Die bekannteste Bildgenerierungs-KI Midjourney generiert derzeit Bilder mit einer maximalen Auflösung von 1024 × 1024 Pixel. Das ist nicht allzu viel. Mit einem separaten AI Upscaler (z. B. R-ESRGAN 4x+) lassen sich daraus wirklich hochauflösende Bilder erzeugen.
Mittlerweile gibt es viele nutzerfreundliche Tools auf dem Markt, viele davon sind aber kostenpflichtig. Wer keine Angst vor Technik und Fachbegriffen hat, sollte sich unbedingt Stable Diffusion WebUI anschauen. Zur Nutzung ist ein leistungsstarker Computer von Vorteil.
Outpainting (Bildrahmen erweitern) und Inpainting (Bildanteile ersetzen)
Die beiden Methoden Outpainting und Inpainting können verwendet werden, um Bilder am Rand zu erweitern oder Bildanteile zu ersetzen bzw. zu erschaffen.
Beim Outpainting versucht die KI, das Bild am Rand sinnvoll fortzusetzen. Mittels Outpainting kann man z. B. versuchen, ein quadratisches Bild zu einem Querformat erweitern.
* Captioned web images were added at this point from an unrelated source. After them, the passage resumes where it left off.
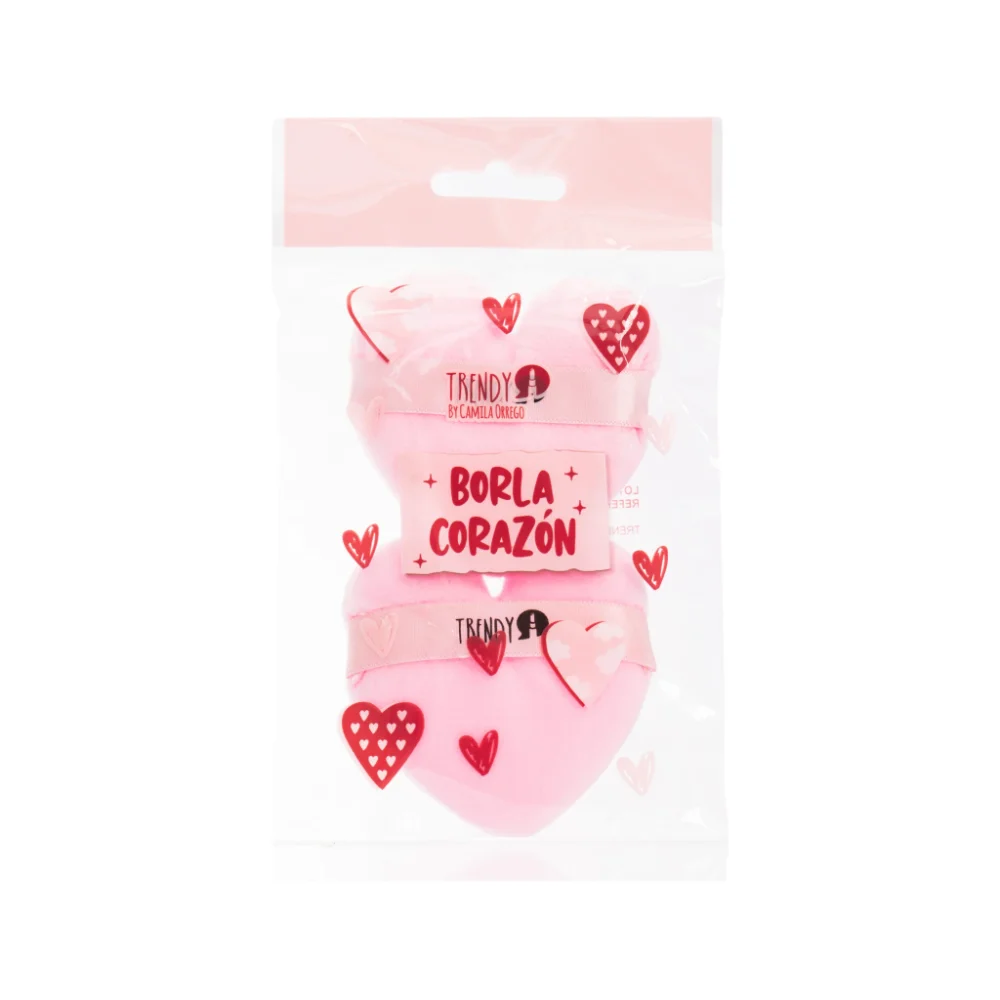 BORLA CORAZÓN X 2 UND TRENDY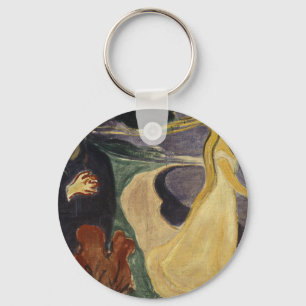 Edvard Munch - Separation Keychain
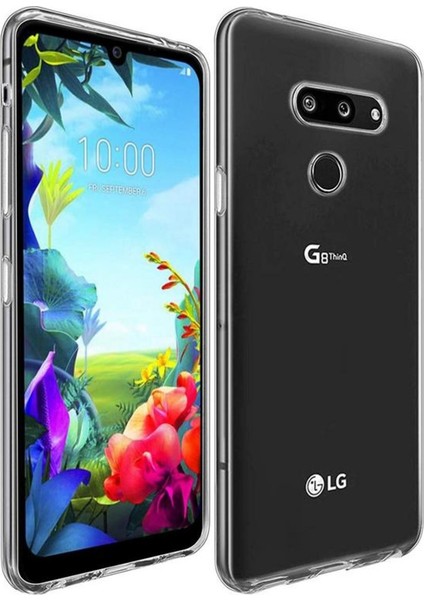 LG K40S Kılıf A+ Şeffaf Lüx Süper Yumuşak 0.3mm Ince Slim Silikon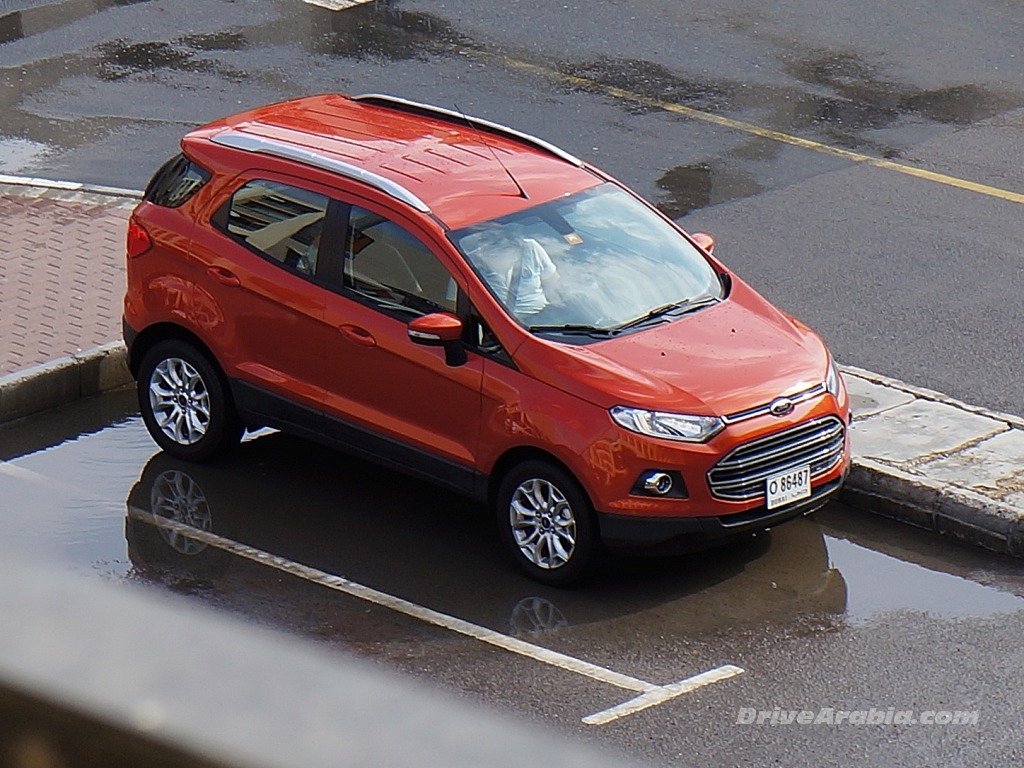 So we got a 2014 Ford Ecosport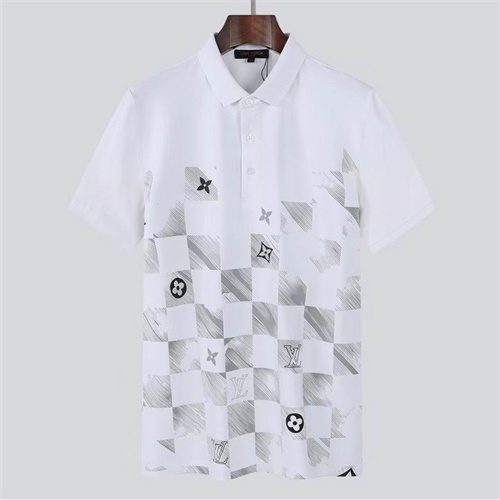 Lv Lapel T-shirts-M-0150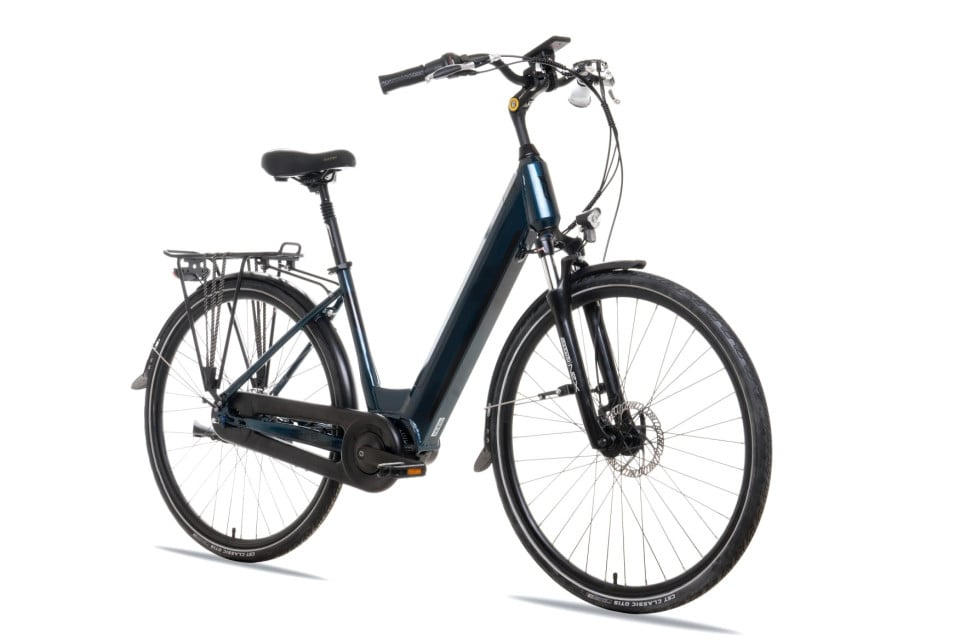 Alternative view of TOTEM PROTOUR CITY 5.3 Mid Bafang 65Nm/10Ah Nexus 7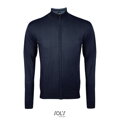 Pánský pletený svetr na zip Regular fit Sol's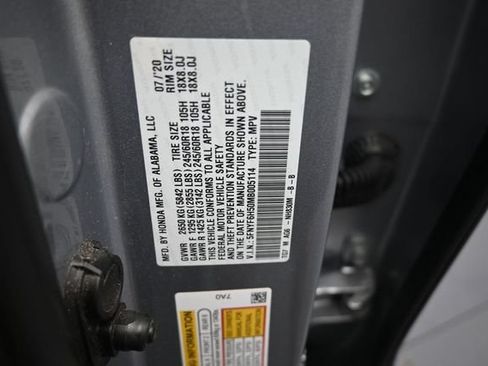 Certified 2021 Honda Pilot EX-L image 19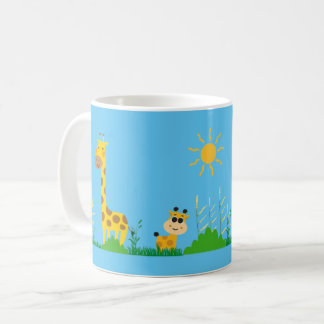 Mug Taza Infantil Diseño Jirafa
Mittels Inpainting kann man Teile des Bildes maskieren, d. h. selektieren, und von der KI austauschen lassen. Z. B. eine Orange durch einen Apfel austauschen, ohne lange mit Bildbearbeitungsprogrammen herumzubasteln.
Beide Techniken kann man in mehreren Durchgängen sinnvoll kombinieren. Wenn Outpainting ein suboptimales Ergebnis geliefert hat, kann man Teile am Bildrand maskieren und mittels Inpainting neu berechnen. Auch hier ist ein Blick auf Stable Diffusion WebUI zu empfehlen.
Im Beispiel unten erweitern wir den Bildrand des Tandoori Chicken Tikka mittels Outpainting und ersetzen dann den Becher am Bildrand mittels Inpainting.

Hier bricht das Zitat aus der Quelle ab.